Records excerpted from a collection ▸
|---|

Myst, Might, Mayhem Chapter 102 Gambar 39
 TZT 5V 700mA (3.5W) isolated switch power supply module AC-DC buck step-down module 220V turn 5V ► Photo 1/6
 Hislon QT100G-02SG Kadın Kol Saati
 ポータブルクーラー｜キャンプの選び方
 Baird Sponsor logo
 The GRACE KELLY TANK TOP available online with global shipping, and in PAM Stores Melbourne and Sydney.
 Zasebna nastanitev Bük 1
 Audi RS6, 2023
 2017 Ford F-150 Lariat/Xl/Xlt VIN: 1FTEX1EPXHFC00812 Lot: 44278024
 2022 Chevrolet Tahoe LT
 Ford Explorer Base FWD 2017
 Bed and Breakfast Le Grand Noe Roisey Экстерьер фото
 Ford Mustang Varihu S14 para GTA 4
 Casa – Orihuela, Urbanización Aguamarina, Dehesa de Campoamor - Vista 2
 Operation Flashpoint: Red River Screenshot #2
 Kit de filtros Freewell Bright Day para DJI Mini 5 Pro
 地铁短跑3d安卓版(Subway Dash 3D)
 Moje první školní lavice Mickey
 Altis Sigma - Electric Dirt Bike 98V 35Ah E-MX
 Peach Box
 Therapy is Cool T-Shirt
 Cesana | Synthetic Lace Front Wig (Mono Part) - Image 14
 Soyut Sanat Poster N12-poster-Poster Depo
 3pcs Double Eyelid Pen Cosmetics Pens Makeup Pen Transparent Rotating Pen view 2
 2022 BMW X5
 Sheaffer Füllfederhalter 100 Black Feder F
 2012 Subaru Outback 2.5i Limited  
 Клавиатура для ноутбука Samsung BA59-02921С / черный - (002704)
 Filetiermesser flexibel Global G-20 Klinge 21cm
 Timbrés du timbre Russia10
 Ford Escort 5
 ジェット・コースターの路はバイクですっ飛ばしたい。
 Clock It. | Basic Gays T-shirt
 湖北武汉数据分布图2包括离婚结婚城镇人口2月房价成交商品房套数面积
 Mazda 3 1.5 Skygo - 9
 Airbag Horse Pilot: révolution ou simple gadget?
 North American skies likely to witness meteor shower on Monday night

|---|

Problem ▸ Only exact copies of the lines from the one containing "Ford Explorer Base FWD 2017" to the end of the records belong in the answer.

Result of the task ▸
 Ford Explorer Base FWD 2017
 Bed and Breakfast Le Grand Noe Roisey Экстерьер фото
 Ford Mustang Varihu S14 para GTA 4
 Casa – Orihuela, Urbanización Aguamarina, Dehesa de Campoamor - Vista 2
 Operation Flashpoint: Red River Screenshot #2
 Kit de filtros Freewell Bright Day para DJI Mini 5 Pro
 地铁短跑3d安卓版(Subway Dash 3D)
 Moje první školní lavice Mickey
 Altis Sigma - Electric Dirt Bike 98V 35Ah E-MX
 Peach Box
 Therapy is Cool T-Shirt
 Cesana | Synthetic Lace Front Wig (Mono Part) - Image 14
 Soyut Sanat Poster N12-poster-Poster Depo
 3pcs Double Eyelid Pen Cosmetics Pens Makeup Pen Transparent Rotating Pen view 2
 2022 BMW X5
 Sheaffer Füllfederhalter 100 Black Feder F
 2012 Subaru Outback 2.5i Limited  
 Клавиатура для ноутбука Samsung BA59-02921С / черный - (002704)
 Filetiermesser flexibel Global G-20 Klinge 21cm
 Timbrés du timbre Russia10
 Ford Escort 5
 ジェット・コースターの路はバイクですっ飛ばしたい。
 Clock It. | Basic Gays T-shirt
 湖北武汉数据分布图2包括离婚结婚城镇人口2月房价成交商品房套数面积
 Mazda 3 1.5 Skygo - 9
 Airbag Horse Pilot: révolution ou simple gadget?
 North American skies likely to witness meteor shower on Monday night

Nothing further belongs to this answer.